Uninsurance Rate v. Race

Below are scatterplots of uninsurance rates versus the prevalence of various racial groups in each county. We can see that the Native American and Hispanic racial groups have the most positive correlation with uninsurance rates, while non-Hispancic whites have the most negative correlation.

# Plot race and uninsurance rates

import matplotlib.pyplot as plt

for race in races:
    plt.scatter(uninsured_census[f"percent_{race}"], uninsured_census["Percent Uninsured"])
    plt.title(f"Percent uninsured people vs. Percent of {races[race]} people")
    plt.xlabel(f"Percent of {races[race]} people")
    plt.ylabel("Percent of uninsired people")
    plt.show()

png png png png png png png png png

# Keep only columns we're interested in: uninsurance, policical leaning, and race
no_categorical = uninsured_census[["Percent Uninsured", "per_gop", "per_dem", "cases"] + [f"percent_{race}" for race in races]]

Correlation Analysis

Below we perform a correlations analysis with uninsurance rates to see which factors (race and political gorup) correlate most strongly with uninsurance rates.

import numpy as np

# Get the indices for the percent uninsured
pu_index = list(no_categorical.columns).index("Percent Uninsured")

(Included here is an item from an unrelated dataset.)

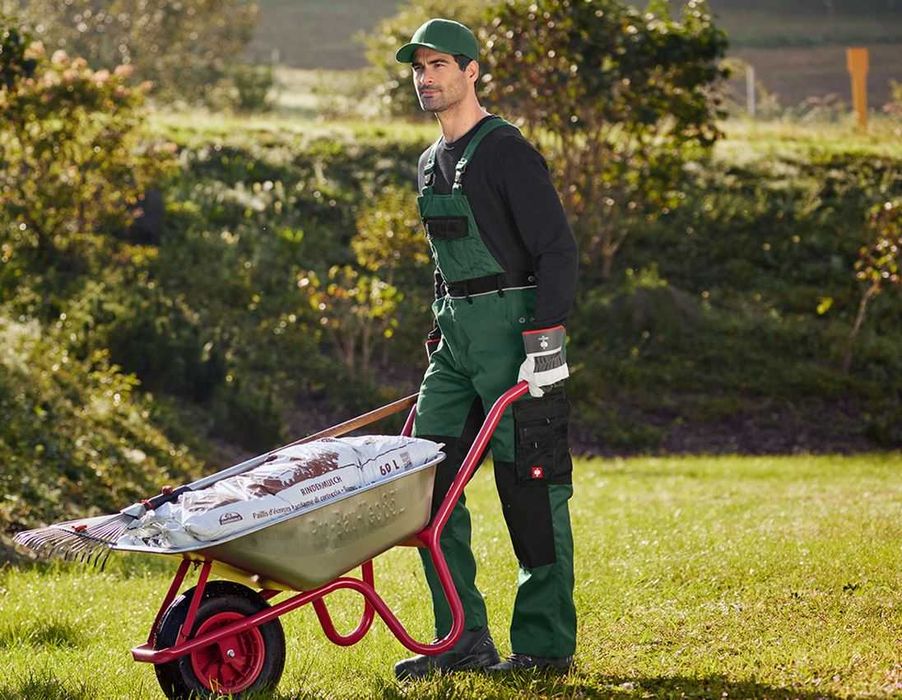 Męskie ogrodniczki ENGELBERT STRAUSS IMAGE r.XL(27) stan bardzo dobry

# Calculate the correlation coefficient matrix
A = np.corrcoef(no_categorical, rowvar=False)

# Sort the variable's correlation with percent uninsured, in increasing order
x = sorted([(column_name, value) for column_name, value in zip(no_categorical.columns, A[pu_index])], key=lambda x: abs(x[1]), reverse=True)

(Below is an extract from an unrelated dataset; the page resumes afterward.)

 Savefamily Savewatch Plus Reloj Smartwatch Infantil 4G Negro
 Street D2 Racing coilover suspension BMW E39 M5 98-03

# Print the top 10 out (that aren't the percent uninsured itself)
for row in x[1:]:
    print(row)
('percent_NHWA', -0.3919891394966732)
('percent_H', 0.35011427166162556)
('per_gop', 0.2845425402877026)
('per_dem', -0.2684520358058623)
('percent_AAC', -0.2145451445922141)
('percent_HIAC', 0.198185309631582)
('percent_BAC', 0.18253767457937595)
('percent_IAC', 0.1665178300893234)
('percent_IA', 0.15696392285076793)
('cases', -0.08000067430020016)
('percent_NAC', -0.05321158389617299)
('percent_TOM', -0.013567696350438776)

Race

As hypothesised and shown in the plots above, non-Hispanic whites and Asians are the racial groups with the strongest negative correlation with uninsurance rates. Meanwhile, Hispanics, Native Americans, and Blacks all have positive correlations.

Politics

Also as hypothesised, the political leaning of a county correlates with uninsurance rates. Counties that lean Republican have a positive correlation with uninsurance rates, while those that lean Democrat have a negative correlation.